I dont blame people for breaking some rules. I dont blame anyone seeing their family or friends, or even a tinder meet up, we are social animals and this is not natural. I dont even know why i have stuck to the rules but im continuing to do so.
^^ This
Everyone I speak to says they are mostly following the rules - but I think you have to trade off sometimes
I am sick of people saying about the mortality rate. My DM died 3 years ago of a heart attack, ambulance got to her within 9 minutes but they still couldn't save her. It didn't mean they didn't try and we were so grateful when they got there as at least we knew they were the best people to try.
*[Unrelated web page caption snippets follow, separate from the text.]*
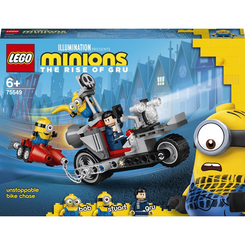 Конструктори LEGO - Конструктор LEGO Minions Нестримне переслідування на мотоциклі (75549)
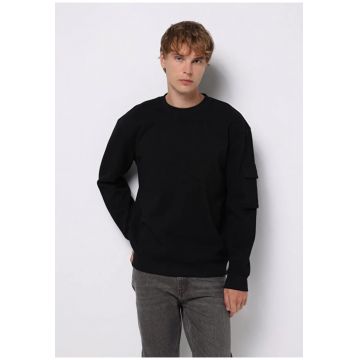 Hanorac barbati  negru - bumbac - marime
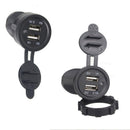 DC 12/24V USB Car Cigarette Lighter Charger Power Adapter 2.1A Cigaret JXO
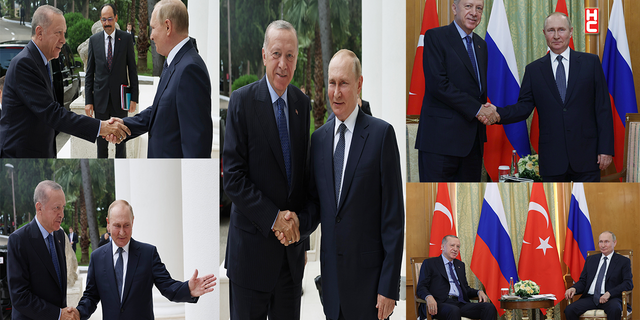Cumhurbaşkanı Erdoğan, Soçi'de Rusya Devlet Başkanı Putin ile bir araya geldi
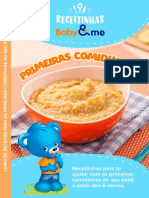 Babyme Ebook Receitas Primeiras Comidinhas 2022 PDF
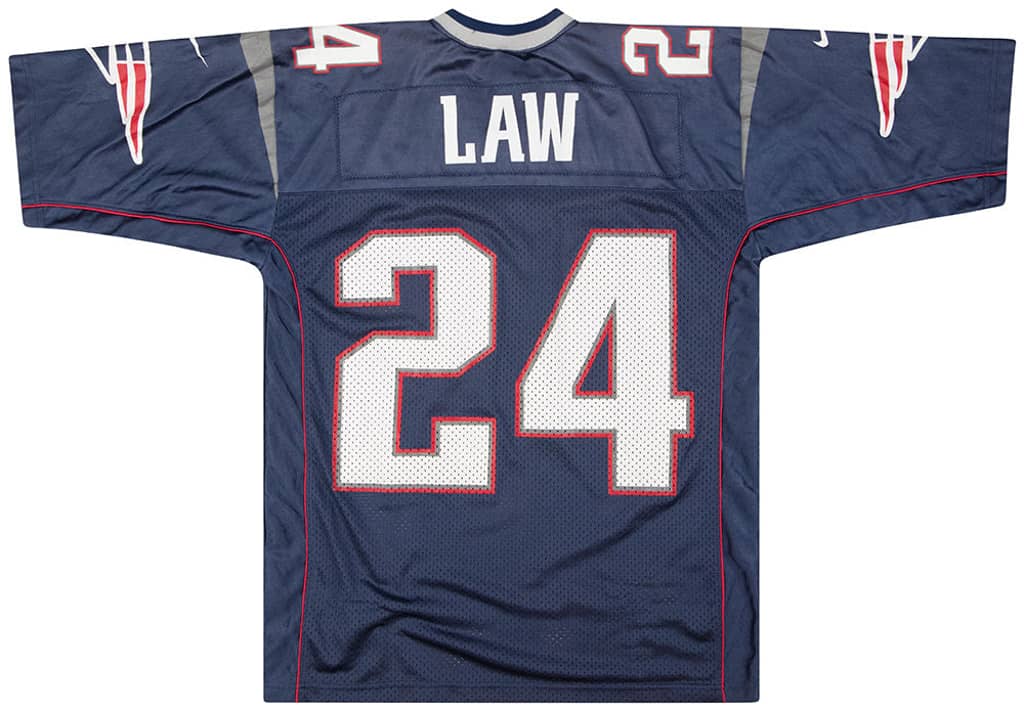 2000 New England Patriots Law #24 Nike Jersey (Home) M
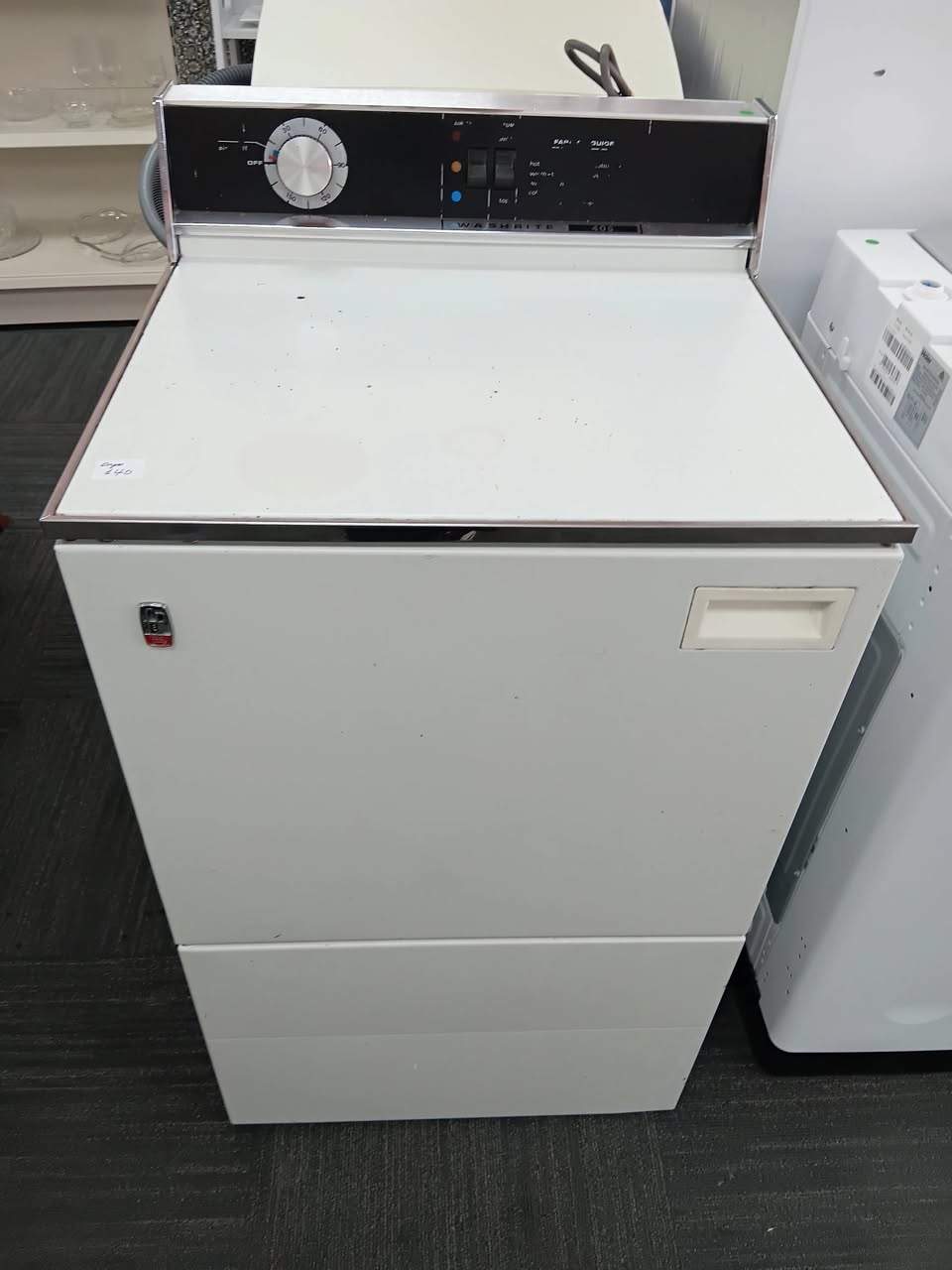 We have white-ware on the shop floor.
Washing machines, fride and dryer.
These sell fast , come see us or call to check  availability on 03 688 3965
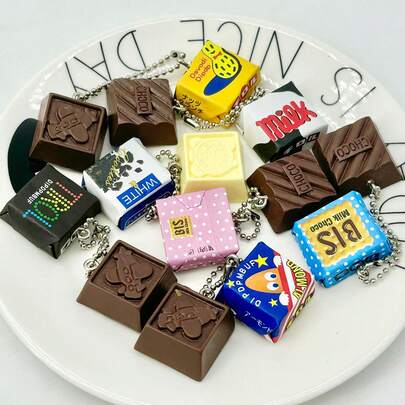 2026 New Realistic Tirol Chocolate Replica, Gift For Birthday, Christmas, Holiday, Perfect Gift - Key Chain, Hanging Decoration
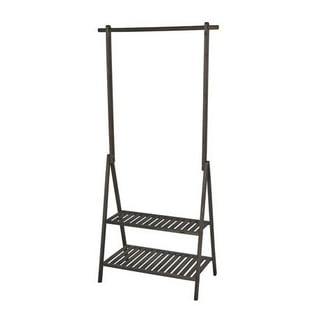 GOCHUSX Garment Rack, Underwear Display Stand, Free Standing Hanging  Clothes Shelf，Storage Shelves For Hanging Clothes, Easy To Install (Color :  Black, Size : 120X40X135CM) : : Home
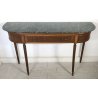 CONSOLLE DESIGN ANNI 50/60 MARMO LEGNO VINTAGE MADE IN ITALY TAVOLO OTTONE 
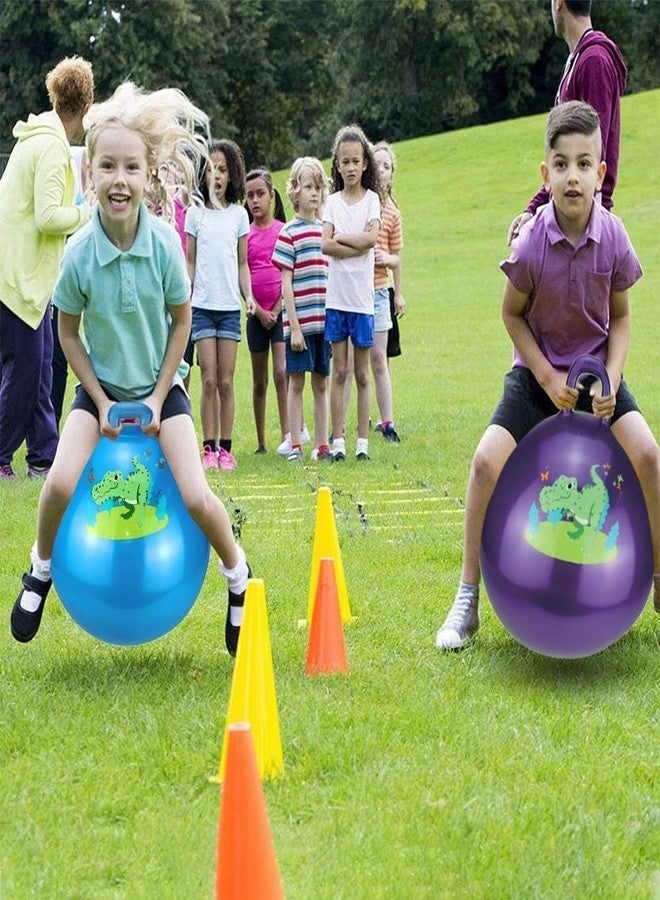 RAIYARAJ Hopper Ball for Kids| Hippity Hop | Exercise & Fitness | Jumping Hopping Therapy Ball | Pump Included | Field Day | Blue - Image 3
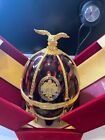 Ladoga Imperial Collection Vodka Ruby Empty Bottle Imperial Egg With Box Used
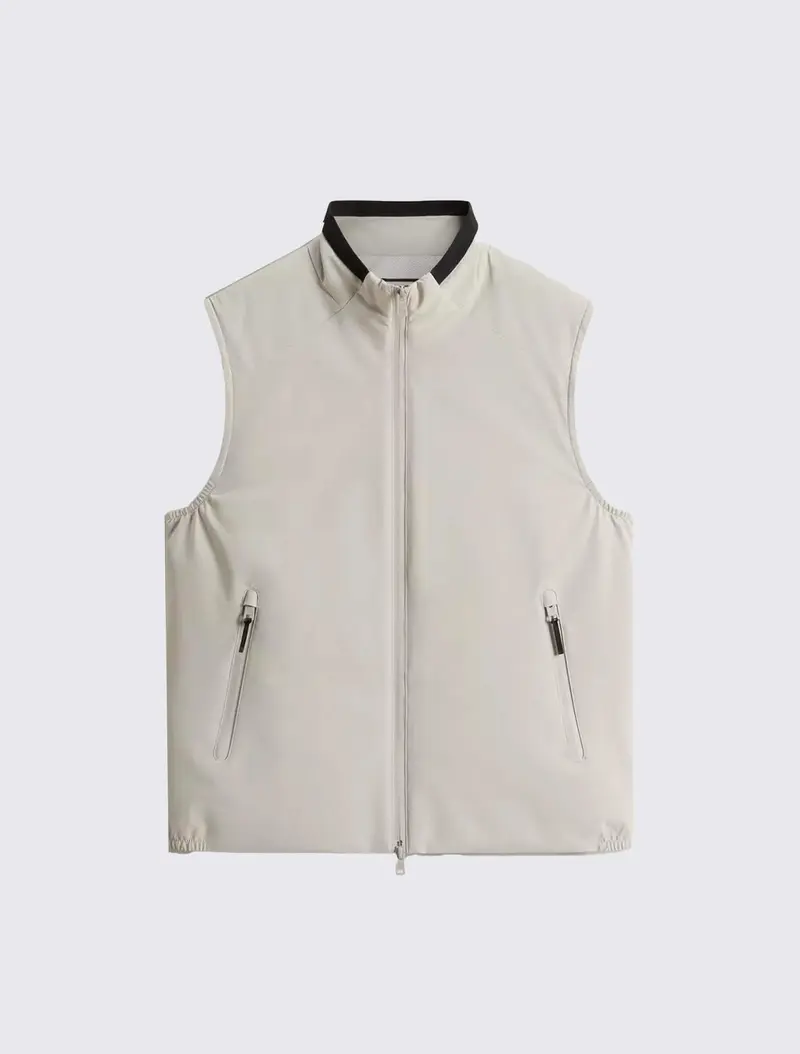 Quilted Sailing Vest in Two-layered Fabric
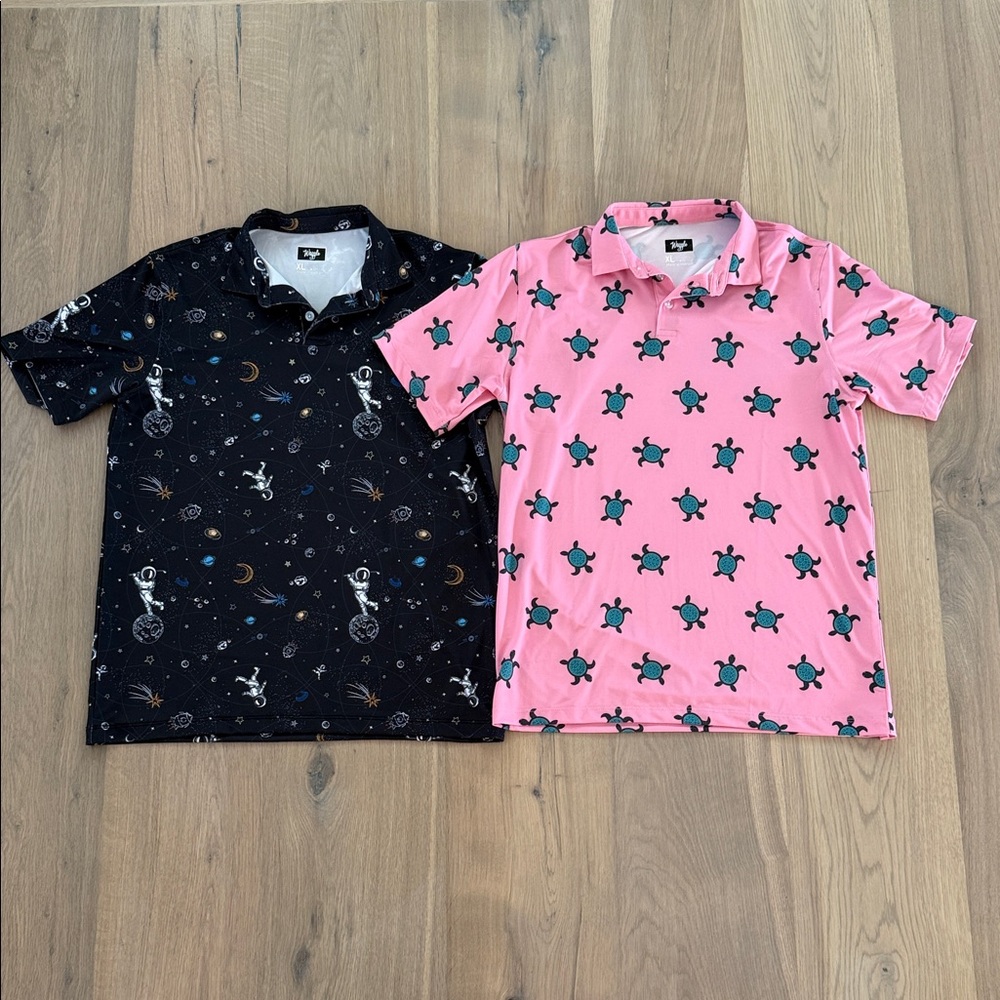 Waggle golf shirt bundle kids XL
I can not imagine what it would be like to have to have waited an hour + for an ambulance. it is NOT mortality rate it is everyone being ill at same time that is causing so many problems.
My DSis has to work and so does her DH, my DH leaves the house to go to work, I work from home. We are in a support bubble with DSD and her DP and DGS. He has disabilities but we have been told is not at risk of having anymore severe than any other child his age.
DSD and her DP are not really rule followers, and they still just don't get it - yes I have tried to educate but they are 20 and in very low risk. Not having parties etc but still meet up outside with people who they shouldn't.
I am far more worried about the impact on their mental health and literally the last 12 months of so much uncertainty over their little boy that I find it hard to blame them, even if I don't agree. They could pass covid to us and then they would see (if we were Ill) the impact of their actions but then DH could bring it home from work.
I do not see anyone else including my own DS or Dad as I know I can not say that I haven't been in contact with anyone so I will take the risk for my DSD as she needs us but won't pass that risk on.